My sister is the person I look up to most in this world. She’s three years older so she’s done almost everything before me (except that Master’s nudge, nudge). I couldn’t think of anyone better I wanted to start Fun Friday Interviews on. Throughout the weeks, my hope is to talk to a multitude of interesting people on things that are important to them, make them unique, or have any stories they want to share. This week is focused on my sister’s new job working in a library and the building excitement she’s feeling as she’s about to embark on a new journey- a Master’s degree in Library Sciences! (Even though her wedding is more exciting for everyone else, especially me, her maid of honor.)
Her words are bolded.
Hi, Lauren, thanks for agreeing to do this interview. I figured that since you are my sister and the bride to my maid of honor, I would feature you as my first profile.
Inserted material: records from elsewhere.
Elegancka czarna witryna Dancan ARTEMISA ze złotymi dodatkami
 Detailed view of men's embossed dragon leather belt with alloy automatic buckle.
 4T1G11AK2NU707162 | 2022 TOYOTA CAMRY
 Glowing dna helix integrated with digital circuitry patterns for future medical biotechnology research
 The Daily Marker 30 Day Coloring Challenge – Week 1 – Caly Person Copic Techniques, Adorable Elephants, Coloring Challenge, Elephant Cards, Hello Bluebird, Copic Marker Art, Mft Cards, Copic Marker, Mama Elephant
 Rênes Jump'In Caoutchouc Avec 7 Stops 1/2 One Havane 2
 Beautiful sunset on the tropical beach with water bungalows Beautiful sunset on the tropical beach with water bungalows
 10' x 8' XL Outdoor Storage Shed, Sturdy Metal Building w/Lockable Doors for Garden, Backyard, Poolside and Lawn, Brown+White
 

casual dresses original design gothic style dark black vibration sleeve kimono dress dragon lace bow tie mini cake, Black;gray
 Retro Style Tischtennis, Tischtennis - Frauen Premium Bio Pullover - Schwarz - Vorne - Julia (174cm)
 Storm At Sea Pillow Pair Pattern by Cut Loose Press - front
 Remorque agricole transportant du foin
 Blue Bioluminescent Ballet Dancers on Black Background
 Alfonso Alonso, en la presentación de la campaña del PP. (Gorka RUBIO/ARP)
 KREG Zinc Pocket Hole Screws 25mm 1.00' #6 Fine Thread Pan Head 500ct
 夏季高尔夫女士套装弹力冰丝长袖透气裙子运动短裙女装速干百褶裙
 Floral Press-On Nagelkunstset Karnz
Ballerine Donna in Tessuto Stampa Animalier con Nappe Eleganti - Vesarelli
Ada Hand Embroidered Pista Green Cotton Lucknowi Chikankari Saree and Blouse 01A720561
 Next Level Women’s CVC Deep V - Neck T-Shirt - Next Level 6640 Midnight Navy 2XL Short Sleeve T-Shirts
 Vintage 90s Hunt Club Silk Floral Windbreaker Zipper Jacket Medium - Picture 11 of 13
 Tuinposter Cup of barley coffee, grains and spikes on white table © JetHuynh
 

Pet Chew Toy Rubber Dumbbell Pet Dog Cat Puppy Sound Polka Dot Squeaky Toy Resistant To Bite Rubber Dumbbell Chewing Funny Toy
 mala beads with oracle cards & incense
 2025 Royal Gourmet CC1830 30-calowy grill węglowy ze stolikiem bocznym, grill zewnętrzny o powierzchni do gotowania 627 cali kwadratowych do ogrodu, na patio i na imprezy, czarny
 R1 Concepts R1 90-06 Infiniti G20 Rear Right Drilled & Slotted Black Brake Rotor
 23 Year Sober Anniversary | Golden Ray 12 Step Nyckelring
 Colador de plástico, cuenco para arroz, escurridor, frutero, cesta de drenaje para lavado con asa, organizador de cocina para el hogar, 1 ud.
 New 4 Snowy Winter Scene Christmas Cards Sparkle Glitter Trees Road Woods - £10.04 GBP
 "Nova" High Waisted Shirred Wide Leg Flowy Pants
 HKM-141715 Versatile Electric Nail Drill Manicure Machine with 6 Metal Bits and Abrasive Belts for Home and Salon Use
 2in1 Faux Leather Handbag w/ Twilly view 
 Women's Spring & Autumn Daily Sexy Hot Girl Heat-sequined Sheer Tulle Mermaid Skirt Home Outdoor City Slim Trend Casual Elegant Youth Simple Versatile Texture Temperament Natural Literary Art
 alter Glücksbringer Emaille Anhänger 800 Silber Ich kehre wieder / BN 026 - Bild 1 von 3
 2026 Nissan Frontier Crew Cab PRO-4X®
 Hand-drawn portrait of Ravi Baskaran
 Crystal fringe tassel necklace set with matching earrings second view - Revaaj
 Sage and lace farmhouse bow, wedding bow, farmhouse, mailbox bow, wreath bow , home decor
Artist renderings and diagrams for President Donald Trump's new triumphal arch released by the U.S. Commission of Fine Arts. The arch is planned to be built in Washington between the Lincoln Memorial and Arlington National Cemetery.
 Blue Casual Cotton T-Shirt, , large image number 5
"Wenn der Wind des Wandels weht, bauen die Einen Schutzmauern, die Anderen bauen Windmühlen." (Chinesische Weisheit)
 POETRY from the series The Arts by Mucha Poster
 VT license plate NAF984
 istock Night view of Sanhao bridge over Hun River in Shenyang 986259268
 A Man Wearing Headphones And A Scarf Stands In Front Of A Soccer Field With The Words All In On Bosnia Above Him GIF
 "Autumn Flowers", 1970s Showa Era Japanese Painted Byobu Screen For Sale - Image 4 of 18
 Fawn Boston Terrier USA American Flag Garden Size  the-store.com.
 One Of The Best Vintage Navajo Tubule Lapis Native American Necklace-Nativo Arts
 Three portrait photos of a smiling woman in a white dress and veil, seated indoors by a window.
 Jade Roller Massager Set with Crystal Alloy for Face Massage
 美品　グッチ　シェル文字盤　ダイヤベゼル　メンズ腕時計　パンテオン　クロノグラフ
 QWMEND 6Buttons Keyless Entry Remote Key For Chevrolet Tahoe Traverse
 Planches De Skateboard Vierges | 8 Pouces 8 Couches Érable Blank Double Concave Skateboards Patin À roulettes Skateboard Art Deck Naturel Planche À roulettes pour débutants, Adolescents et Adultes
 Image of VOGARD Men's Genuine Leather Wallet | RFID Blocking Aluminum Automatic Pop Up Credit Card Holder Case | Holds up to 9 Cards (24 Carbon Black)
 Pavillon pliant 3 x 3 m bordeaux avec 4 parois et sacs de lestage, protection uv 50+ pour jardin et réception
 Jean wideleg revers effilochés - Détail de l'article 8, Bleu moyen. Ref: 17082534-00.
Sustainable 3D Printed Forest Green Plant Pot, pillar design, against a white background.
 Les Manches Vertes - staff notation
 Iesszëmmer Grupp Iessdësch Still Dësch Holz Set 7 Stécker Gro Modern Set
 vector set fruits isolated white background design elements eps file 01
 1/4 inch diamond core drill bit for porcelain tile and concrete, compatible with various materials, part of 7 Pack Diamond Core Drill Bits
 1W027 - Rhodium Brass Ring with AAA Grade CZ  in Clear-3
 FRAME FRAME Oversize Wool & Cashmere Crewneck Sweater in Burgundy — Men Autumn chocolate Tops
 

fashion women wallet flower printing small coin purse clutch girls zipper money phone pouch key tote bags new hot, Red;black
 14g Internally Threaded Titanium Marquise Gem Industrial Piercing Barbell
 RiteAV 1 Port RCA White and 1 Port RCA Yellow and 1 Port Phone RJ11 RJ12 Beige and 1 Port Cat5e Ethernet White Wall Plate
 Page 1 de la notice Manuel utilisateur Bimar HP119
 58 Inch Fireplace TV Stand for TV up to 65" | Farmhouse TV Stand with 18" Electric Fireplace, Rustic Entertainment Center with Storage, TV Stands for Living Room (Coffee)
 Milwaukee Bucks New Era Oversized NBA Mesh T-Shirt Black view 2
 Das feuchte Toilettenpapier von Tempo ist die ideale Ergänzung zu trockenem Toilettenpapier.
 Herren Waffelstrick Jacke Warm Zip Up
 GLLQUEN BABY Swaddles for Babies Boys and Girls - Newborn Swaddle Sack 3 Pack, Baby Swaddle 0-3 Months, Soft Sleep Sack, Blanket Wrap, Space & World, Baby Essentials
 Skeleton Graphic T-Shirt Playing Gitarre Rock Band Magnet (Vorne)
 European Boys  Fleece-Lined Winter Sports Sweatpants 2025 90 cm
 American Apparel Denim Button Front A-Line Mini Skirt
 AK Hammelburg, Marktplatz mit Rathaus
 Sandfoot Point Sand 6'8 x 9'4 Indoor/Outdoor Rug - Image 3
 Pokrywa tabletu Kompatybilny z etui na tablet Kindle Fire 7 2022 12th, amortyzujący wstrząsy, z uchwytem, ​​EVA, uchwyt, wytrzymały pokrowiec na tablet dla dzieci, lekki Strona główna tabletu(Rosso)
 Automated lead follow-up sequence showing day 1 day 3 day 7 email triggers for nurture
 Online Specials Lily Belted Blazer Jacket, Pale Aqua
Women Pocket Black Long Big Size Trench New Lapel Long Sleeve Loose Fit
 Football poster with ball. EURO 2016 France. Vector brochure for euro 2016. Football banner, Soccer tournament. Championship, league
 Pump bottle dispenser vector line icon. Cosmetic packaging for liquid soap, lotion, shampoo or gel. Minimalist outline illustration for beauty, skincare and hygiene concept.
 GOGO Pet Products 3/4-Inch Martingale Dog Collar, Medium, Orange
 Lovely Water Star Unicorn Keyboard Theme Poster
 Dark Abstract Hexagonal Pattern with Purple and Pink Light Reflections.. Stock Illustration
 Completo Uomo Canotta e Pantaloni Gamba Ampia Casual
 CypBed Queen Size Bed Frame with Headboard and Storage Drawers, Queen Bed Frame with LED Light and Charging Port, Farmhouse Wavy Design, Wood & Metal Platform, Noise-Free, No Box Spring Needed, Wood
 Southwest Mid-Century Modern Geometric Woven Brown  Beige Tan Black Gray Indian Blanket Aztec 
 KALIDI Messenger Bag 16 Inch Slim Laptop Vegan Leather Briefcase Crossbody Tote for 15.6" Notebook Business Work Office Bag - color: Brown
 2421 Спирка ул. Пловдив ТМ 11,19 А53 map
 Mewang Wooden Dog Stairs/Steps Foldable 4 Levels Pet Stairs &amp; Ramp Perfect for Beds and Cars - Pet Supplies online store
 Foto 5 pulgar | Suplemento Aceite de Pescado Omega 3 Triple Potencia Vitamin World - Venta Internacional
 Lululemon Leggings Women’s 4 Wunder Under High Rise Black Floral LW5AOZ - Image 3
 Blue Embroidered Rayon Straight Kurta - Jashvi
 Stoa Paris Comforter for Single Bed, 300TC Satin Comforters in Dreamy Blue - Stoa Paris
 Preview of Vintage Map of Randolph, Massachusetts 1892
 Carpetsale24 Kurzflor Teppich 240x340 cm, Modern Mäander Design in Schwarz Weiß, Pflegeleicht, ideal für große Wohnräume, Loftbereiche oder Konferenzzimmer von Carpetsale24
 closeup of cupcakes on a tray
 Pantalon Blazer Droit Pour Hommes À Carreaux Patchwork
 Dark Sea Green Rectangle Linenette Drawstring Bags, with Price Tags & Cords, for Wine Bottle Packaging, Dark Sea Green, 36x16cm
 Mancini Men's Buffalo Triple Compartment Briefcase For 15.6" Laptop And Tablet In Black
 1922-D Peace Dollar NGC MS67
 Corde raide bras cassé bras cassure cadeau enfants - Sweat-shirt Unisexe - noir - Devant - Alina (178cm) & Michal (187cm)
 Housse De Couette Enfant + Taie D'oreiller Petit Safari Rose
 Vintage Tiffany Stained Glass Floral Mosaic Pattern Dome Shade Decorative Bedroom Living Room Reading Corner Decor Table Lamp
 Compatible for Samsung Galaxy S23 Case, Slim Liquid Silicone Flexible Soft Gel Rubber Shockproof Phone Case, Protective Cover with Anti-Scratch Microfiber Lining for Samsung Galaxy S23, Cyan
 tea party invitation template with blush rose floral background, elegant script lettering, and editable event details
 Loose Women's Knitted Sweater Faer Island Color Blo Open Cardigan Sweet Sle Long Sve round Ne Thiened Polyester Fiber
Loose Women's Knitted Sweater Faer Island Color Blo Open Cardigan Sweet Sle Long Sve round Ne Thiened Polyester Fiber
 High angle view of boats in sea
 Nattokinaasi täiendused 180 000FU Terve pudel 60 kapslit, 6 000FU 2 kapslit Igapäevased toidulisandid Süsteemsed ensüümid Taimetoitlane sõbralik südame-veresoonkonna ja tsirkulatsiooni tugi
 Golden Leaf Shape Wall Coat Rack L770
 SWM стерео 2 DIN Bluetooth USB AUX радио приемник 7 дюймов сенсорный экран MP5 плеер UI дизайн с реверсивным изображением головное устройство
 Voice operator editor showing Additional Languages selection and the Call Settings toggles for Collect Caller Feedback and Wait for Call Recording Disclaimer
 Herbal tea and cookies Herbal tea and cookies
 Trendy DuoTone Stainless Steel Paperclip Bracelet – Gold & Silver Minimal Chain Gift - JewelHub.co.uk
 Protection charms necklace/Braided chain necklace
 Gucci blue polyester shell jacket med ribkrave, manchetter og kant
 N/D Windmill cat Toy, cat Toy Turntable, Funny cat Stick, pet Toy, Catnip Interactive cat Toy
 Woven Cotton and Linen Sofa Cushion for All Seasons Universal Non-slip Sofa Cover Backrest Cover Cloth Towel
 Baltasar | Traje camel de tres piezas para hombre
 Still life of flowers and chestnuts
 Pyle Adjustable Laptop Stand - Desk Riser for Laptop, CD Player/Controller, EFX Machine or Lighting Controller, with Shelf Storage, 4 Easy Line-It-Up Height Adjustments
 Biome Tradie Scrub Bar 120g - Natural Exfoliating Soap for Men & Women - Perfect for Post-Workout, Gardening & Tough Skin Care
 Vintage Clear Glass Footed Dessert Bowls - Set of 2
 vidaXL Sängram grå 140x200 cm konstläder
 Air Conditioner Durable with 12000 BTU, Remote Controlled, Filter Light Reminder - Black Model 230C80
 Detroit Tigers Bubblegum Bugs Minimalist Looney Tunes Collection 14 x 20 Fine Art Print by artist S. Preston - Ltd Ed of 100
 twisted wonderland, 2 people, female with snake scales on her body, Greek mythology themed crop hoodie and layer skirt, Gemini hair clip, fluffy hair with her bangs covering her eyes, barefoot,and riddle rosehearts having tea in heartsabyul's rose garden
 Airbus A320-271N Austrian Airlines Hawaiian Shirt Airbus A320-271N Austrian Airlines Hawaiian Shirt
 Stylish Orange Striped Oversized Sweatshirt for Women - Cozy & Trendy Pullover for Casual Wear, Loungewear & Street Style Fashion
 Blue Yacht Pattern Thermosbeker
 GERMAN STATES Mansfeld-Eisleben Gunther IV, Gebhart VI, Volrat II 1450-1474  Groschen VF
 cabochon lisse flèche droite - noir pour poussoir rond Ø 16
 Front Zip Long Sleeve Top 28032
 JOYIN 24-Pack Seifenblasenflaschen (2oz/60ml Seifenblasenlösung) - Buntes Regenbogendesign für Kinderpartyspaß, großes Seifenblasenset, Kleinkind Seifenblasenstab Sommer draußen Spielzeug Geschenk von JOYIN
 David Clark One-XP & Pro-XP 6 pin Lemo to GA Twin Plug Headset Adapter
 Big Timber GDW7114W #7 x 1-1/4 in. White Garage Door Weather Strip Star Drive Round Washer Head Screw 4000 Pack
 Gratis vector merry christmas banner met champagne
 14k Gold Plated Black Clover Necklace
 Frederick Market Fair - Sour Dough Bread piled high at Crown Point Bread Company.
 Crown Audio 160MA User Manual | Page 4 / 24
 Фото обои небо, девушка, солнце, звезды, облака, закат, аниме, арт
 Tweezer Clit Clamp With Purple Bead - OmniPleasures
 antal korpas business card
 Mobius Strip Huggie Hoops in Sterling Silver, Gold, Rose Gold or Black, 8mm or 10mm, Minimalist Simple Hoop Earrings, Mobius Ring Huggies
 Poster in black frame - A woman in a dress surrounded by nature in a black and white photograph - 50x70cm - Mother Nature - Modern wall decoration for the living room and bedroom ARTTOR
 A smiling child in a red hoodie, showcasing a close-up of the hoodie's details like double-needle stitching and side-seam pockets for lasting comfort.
You often use the word “career crush.” What does this mean exactly? How do you pursue it?
I use the phrase “career crush” to describe the long list of careers I’ve considered seriously. At different times, I thought that I wanted to be a lawyer, a teacher or professor, a campus minister, and a college administrator. Each time I changed my mind, I learned as much as I could about a particular job, eventually lost interest, and moved on to something else. I’m interested in a lot of different things, so it was hard to settle on just one career path.
Tell us about your exciting new prospects and your thoughts on “finally” (for lack of a better word, said in a slight sarcastic tone) finding the job of your dreams.
I started a new job a few months ago in a college library, and I’m starting a grad program for library science in a few weeks. Considering my history of indecisiveness, I was a little nervous that my interest in this field would fade as it did before. But I really love working in the library so far!
You’ve heard countless stories about my own experience, but what are your thoughts about graduate school?
I’m a little nervous about going back to school after five years out (especially after hearing what a headache it was for you), but I’m also excited. A lot of people think that libraries are “dying,” but really they’re just changing and growing to take advantage of new developments in technology. There are amazing things being done in libraries these days, and I’m looking forward to learning more about the field.
I’m at the point in my life where I’m looking to start a new career track, which comes with a lot of anxieties and reflections. Often, I have found that I wish I had double majored in college because I think that would lend me more experience with where I am now. Having landed where you are now, do you have any thoughts/regrets/reflections about what you majored in in college and how that affects your progress?
There was never a question in my mind that I wanted a liberal arts education with as many English classes as they’d let me take. Taking English, philosophy, and psychology courses taught me how to think critically, and I’ve never wished that I had chosen a more “practical” major. I’ve sometimes wished that I had double majored in another field, but I really liked the freedom to take a few courses in lots of different fields. I don’t think I’d do things any differently if I could go back.
What are some of the major influences in your college and post-college career that have made you a confident worker?
I’ve gained most of my confidence from experience and the encouragement of my supervisors. Entering the professional world is scary for everyone, but you have to take a leap of faith and trust that your best will be good enough. It really helps to have great mentors who guide you through when your confidence dips.
What is your relationship to work? In this sense, I am thinking how I’ve realized that for me to feel truly rewarded and challenged, the work has to be my passion, not something that is done.
I’ve always wanted to find a career I’m passionate about, which is partly what led me to change my mind so many times. But I also try to think of everything as a learning opportunity. Even the jobs I hated have been valuable experiences in the long run. I didn’t love being a personal assistant for a difficult executive, but the job taught me to be a lot more organized, and someday I’ll be a better manager by avoiding all of his terrible habits 😉
In your advice to me, we’ve discussed the issue of the “quarter-life crisis.” What is this? Do you think it’s an important period of time everyone should battle or am I just being dramatic?
The quarter-life crisis is a real challenge that every college grad seems to experience at some point after graduation. We were lucky enough to be told all our lives that we could be anything we wanted to be, which can actually create a lot of pressure. There are a LOT of different career paths out there, and having so many choices can be overwhelming. It helps if you can take a little of the pressure off and just assume that it’s going to take you a few years (at least) to figure out what you want to do with your life. You’ll probably surprise yourself by hating something you thought you’d love and vice versa. Just try to stay positive and learn as much as you can — even if you decide to change fields, you’ll develop transferrable skills that will be useful no matter where you end up. You’re not wasting your time by exploring your options.
I hope you enjoyed this interview! Especially if you are at a place where you are thinking about what you want to do. Thanks again Lauren for participating! You’ve always been very supportive of this blog and I really appreciate it!